Why are all the lights on in my house? Every single one. Someone should turn them off but I'm the only one here and I'm sure as hell not doin it.
my neighbors are having lesbo sex right now.
I'm on my way.
I already wrote the apology to my liver. He knows whats up
Dude, its flawless. what could go wrong?
Jail. That could go wrong.
He asked for a foot job. Whatever. I guess I'm swimming in new slut waters tonight.
do you want me to tag you in the pics from the party?
Hmm. Use your judgment. Bootlicking pics are probably not ok. Otherwise fine.
We ended up at a lesbian bar and all my co-workers tried to get me laid. This is not how I envisioned coming out.
I woke up at 4 am to a guy curled up in the fetal position sobbing in our front yard. Oh college.
! asked the random counter guy from 7/11 for Percocet. he immediately called his hookup
WHAT IF I SAT OUTSIDE AND STARTED SCREAMING THE LYRICS TO O CANADA WOULD THAT FIX IT
PLEASE DON'T
You kicked me our in the middle of a blizzard with a dead phone. I had to give my watch to a pizza delivery person to take me home. You owe me a gyro too.

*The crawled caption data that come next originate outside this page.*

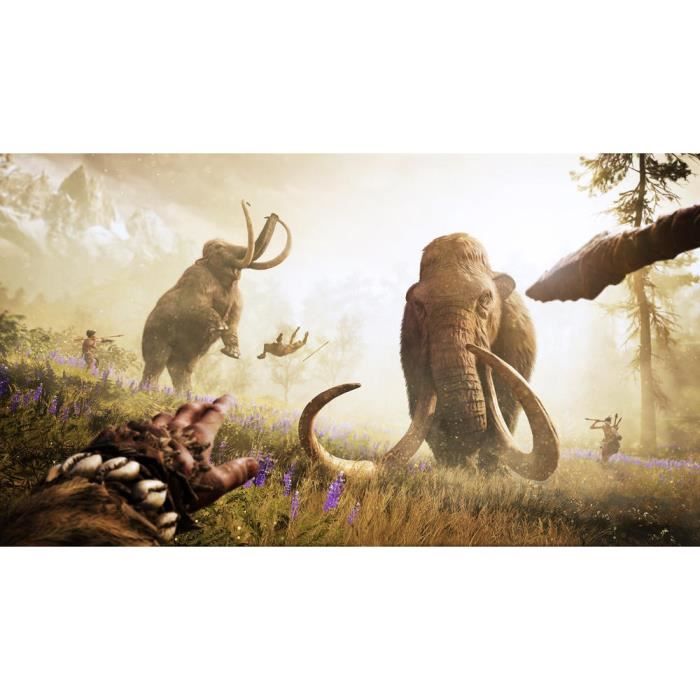 Far Cry : Primal - dition Spécial (PS4) au millur prix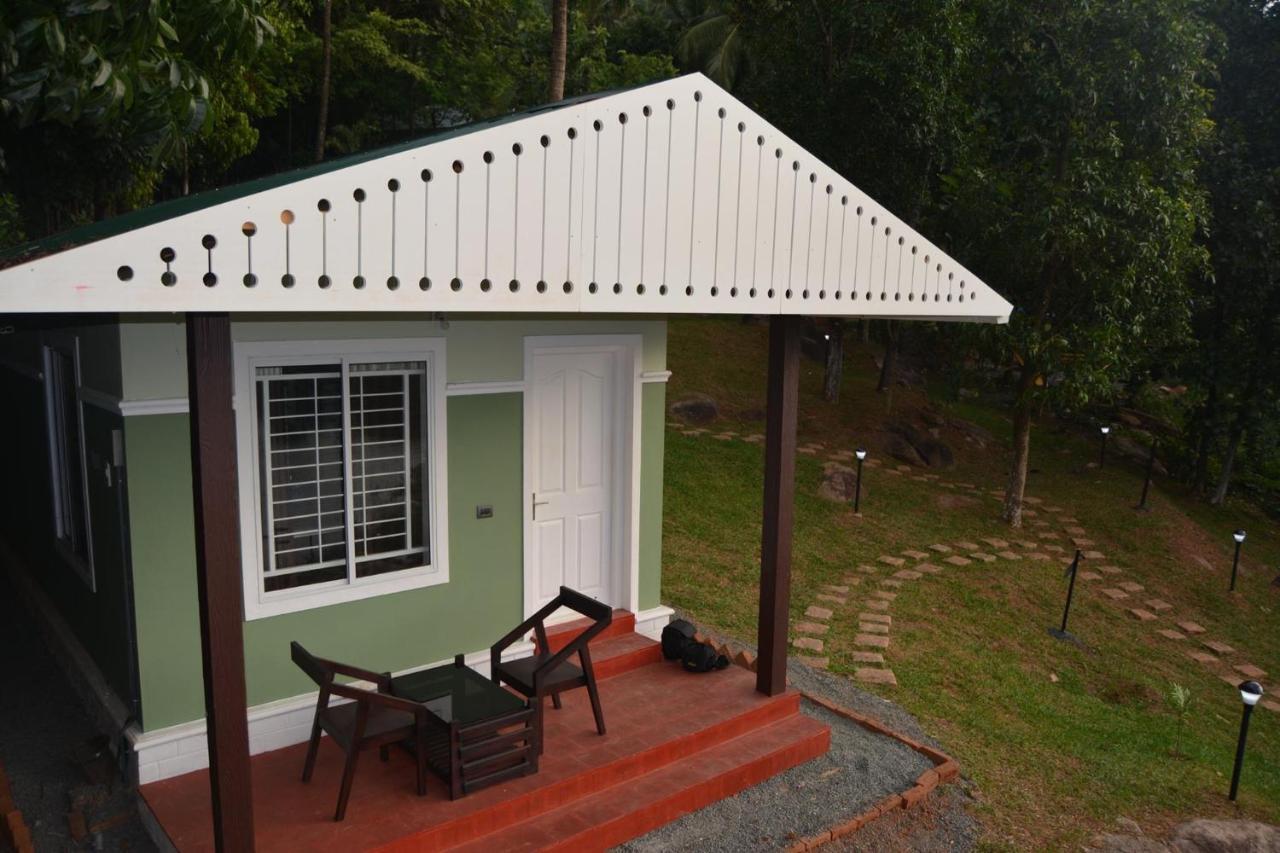 Diga Vista Resorts Palakkad Exterior foto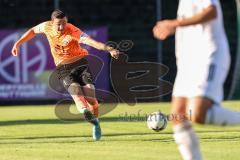 Toto-Pokal; SV Hutthurm - FC Ingolstadt 04; Fabian Cavadias (4, FCI)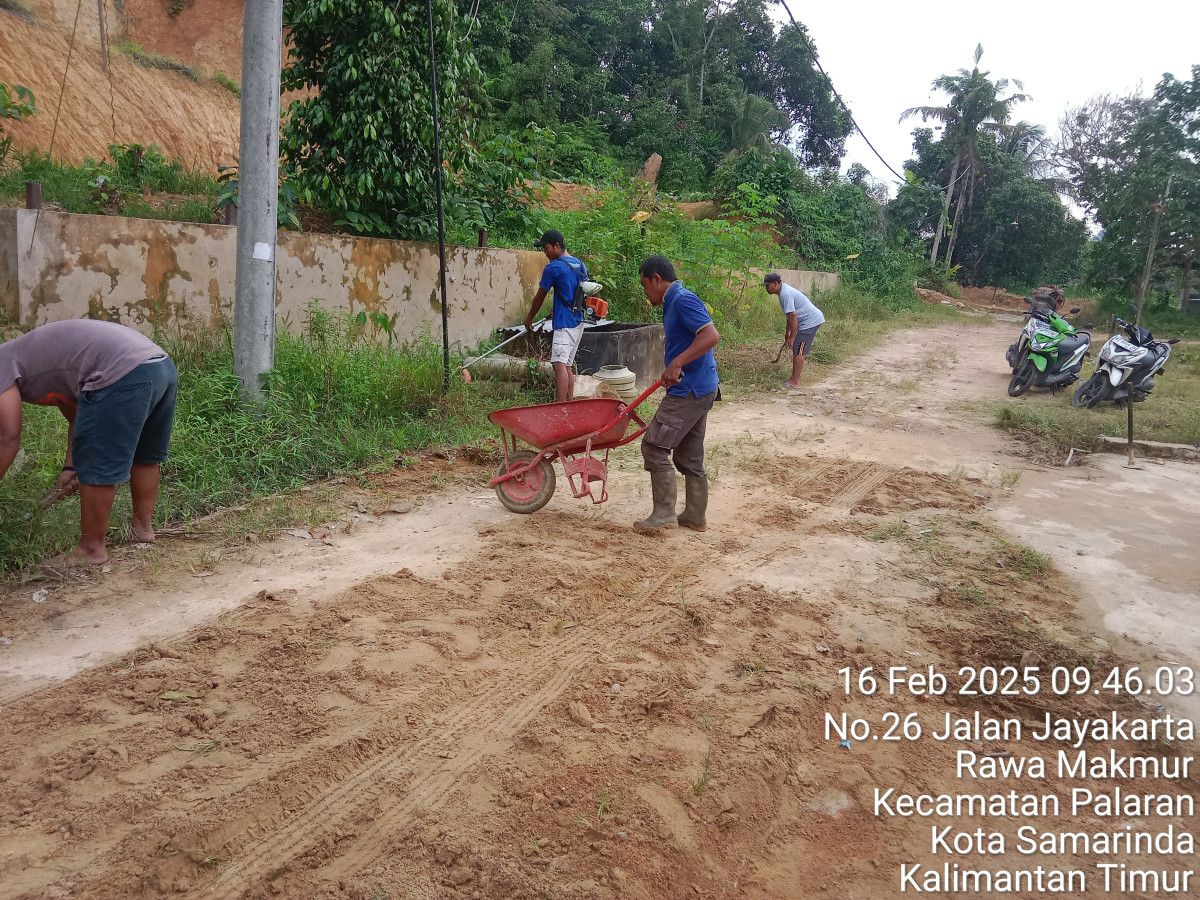 Gotong royong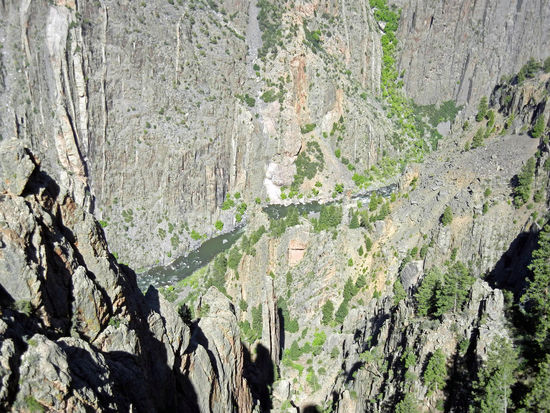 Black Canyon of the Gunnison NP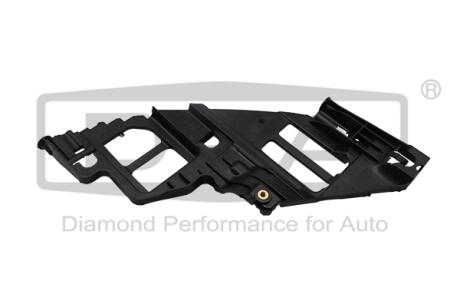 Направляющая переднего бампера правая VW Golf (08-13,11-) Dpa 88070296902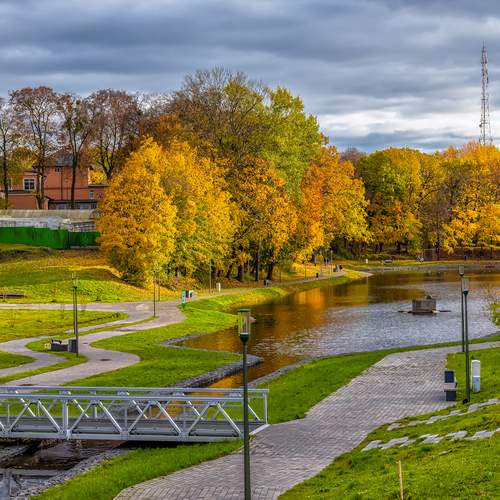 Городской парк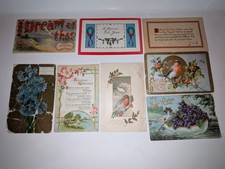 Lot vtg postcards for sale  Westport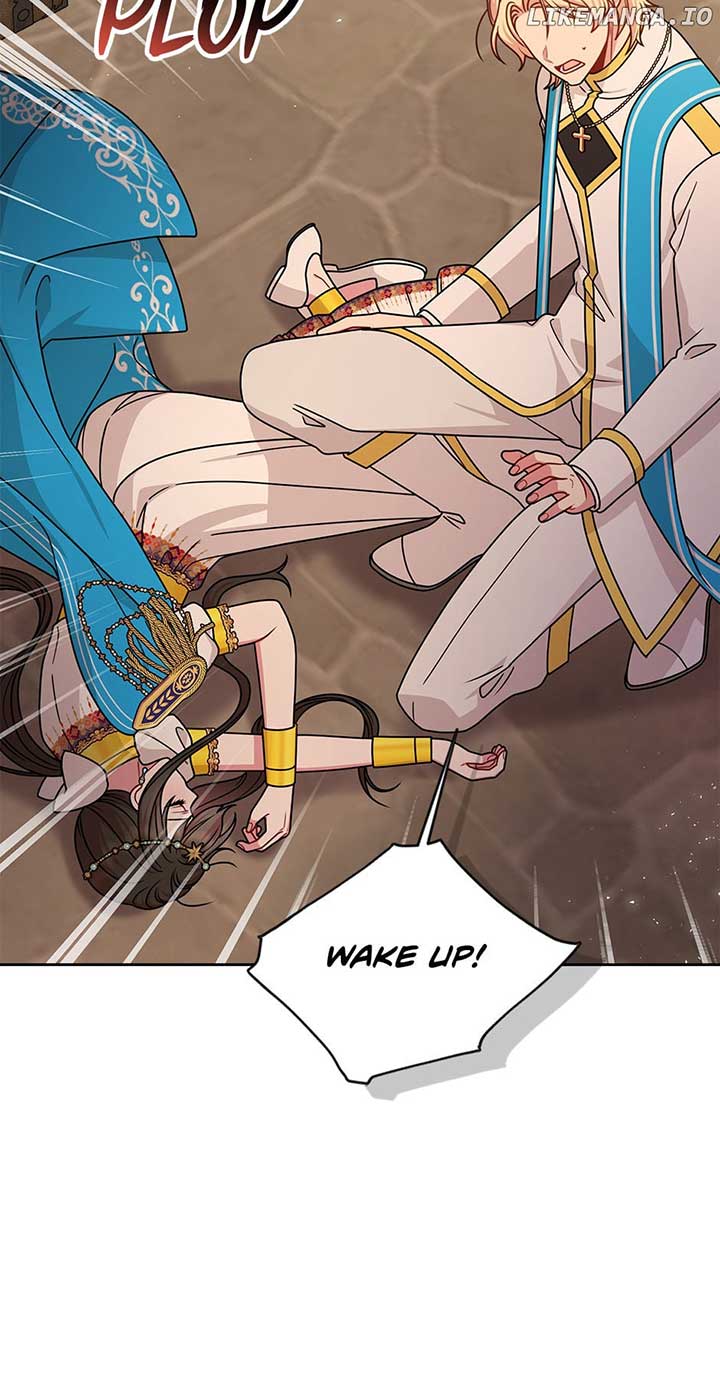 I Raised My Childhood Friend as a Tyrant Chapter 105 - Page 12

I need dunkaroos back in my life.
My tinder date had to be home by 8:30 cause she's on house arrest.
I don't care if his family has ties to the mafia, you go over there, ride his dick until it breaks off, put his dick back on, and keep on riding. Lather, rinse, repeat.
Thanks for the support, sis.
Your face; I've seen enough of it for today. Go away now please.